Another wished she were rich so she could do more, but in the absence of those funds, asked how she could help.
Each of those generous gestures came after I wrote a column nearly three months ago about how an organization that normally has nothing to do with transportation issues discovered a critical and consequential transportation need in the nation’s capital.
The staff of the Homeless Children’s Playtime Project — an organization that creates play spaces for kids who spend their nights in shelters and hotel rooms — learned through focus groups and a survey that the homeless families the city was housing in two hotels on New York Avenue weren’t just struggling to find permanent homes.

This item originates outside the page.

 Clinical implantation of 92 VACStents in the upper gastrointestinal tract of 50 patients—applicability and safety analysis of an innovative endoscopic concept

They also were struggling to get their children from those hotels, which aren’t near a Metro station, to school each day.
Mothers and fathers described spending hundreds of dollars on Uber rides each month, traveling for more than an hour each way on buses and Metro lines and, despite their best efforts, watching their children arrive late to class or miss entire days.

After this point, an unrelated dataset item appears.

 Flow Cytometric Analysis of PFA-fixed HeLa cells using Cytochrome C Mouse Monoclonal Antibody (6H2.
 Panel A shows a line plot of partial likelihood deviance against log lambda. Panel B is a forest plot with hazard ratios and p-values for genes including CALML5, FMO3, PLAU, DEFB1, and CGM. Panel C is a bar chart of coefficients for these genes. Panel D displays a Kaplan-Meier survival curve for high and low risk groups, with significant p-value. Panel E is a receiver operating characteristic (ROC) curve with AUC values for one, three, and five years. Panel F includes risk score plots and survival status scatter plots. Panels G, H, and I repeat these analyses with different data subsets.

They also expressed safety concerns. One mother I later interviewed recalled seeing three children, all younger than 7, walking across those busy streets alone.
“Can’t we just collectively, as a city, help them get to school?” Jamila Larson, the executive director of the Playtime Project, asked at the time. “So much of what they face every day is hard. Can’t we just make this one piece easier? Can’t we just set them up for success?”
Those were all good questions, and the answers seemed obvious. Yes. Yes. And yes. That seemed the least we could do for homeless children who were placed in those hotels by a city that has seen low-income residents pushed out of neighborhoods at some of the highest rates in the country.
But until this week, the only responses the Playtime Project had received were from members of the public — and while that kindness was appreciated, it wouldn’t be enough to address the issue.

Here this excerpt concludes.